Yes, that's the place which is OK in BSD but DEC changed p_rssize to
unsigned so it would have worked only until the right side became negative;
however I believe that code never executed on Ultrix or BSD because of
the code a few lines before (BSD code fragment):

		if ((rp->p_flag & (SSEQL|SUANOM)) == 0 &&
		    rp->p_rssize <= rp->p_maxrss)
			return (0);

which the front hand does for valid pages.  I think this means that unless
the process has executed a vadvise() to warn of sequential or anomalous
paging behavior, the front hand never invalidates data pages.  But I need
to back off a little here and remind readers that this is what I discovered
happens on Ultrix and the code looks very similar but I haven't experimented
with BSD.

>Anyway, now that I am looking at the hardswap code, I think you are
>right:  the code iterates through the whole proc table (never stops)
>but only accumulates `big' processes if it does not find a `sleeper'
>(something sleeping for > 20 seconds).  Generally there is always at
>least one such, and it takes that one and then starts the whole thing
>over (as you described).  If the paging system has done its job,
>however, this will gain little and after a dozen or so sleepers
>have been swapped out, the `big' process code will fire.

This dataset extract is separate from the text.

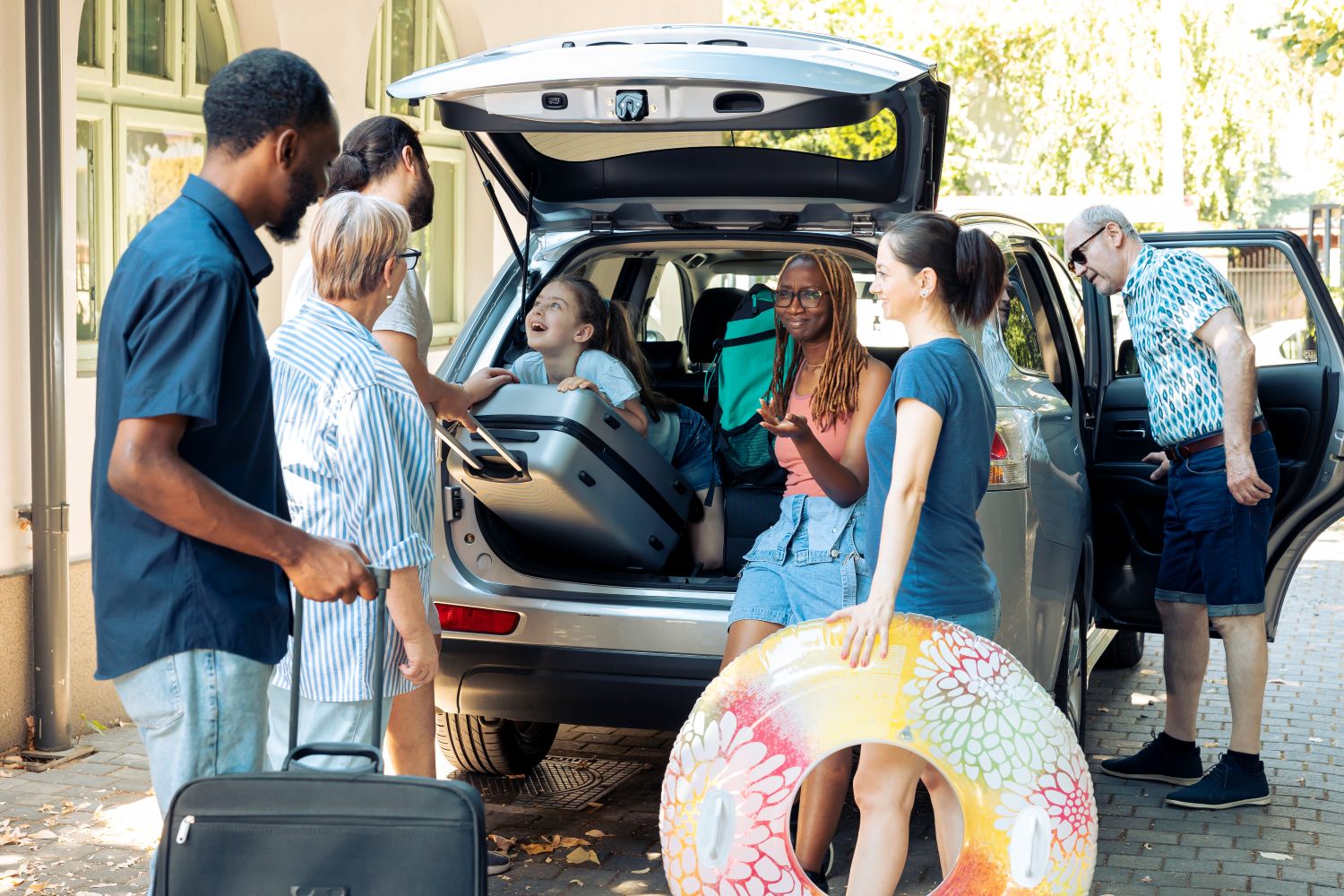 family using rental car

So on our system, the paging system was not doing its job because it was
only paging out what little text it could find between lots of stale data
and we had enough processes in the process table that there were always
enough sleepers to swap out and in at the beginning of the process table
and the results were not pretty.

Chris, I really thank you for taking the time to look this over.  I hope,
as you say, it is already done right in the new code.

--------
Corey Satten, corey@cac.washington.edu
Networks and Distributed Computing
University of Washington
(206)543-5611

torek@elf.ee.lbl.gov (Chris Torek) (05/04/91)

In article <1991May2.231911.23612@milton.u.washington.edu>
corey@milton.u.washington.edu (Corey Satten) writes:
>however I believe that code never executed on Ultrix or BSD because of
>the code a few lines before (BSD code fragment):
>
>		if ((rp->p_flag & (SSEQL|SUANOM)) == 0 &&
>		    rp->p_rssize <= rp->p_maxrss)
>			return (0);
>
>which the front hand does for valid pages.  I think this means that unless
>the process has executed a vadvise() to warn of sequential or anomalous
>paging behavior, the front hand never invalidates data pages.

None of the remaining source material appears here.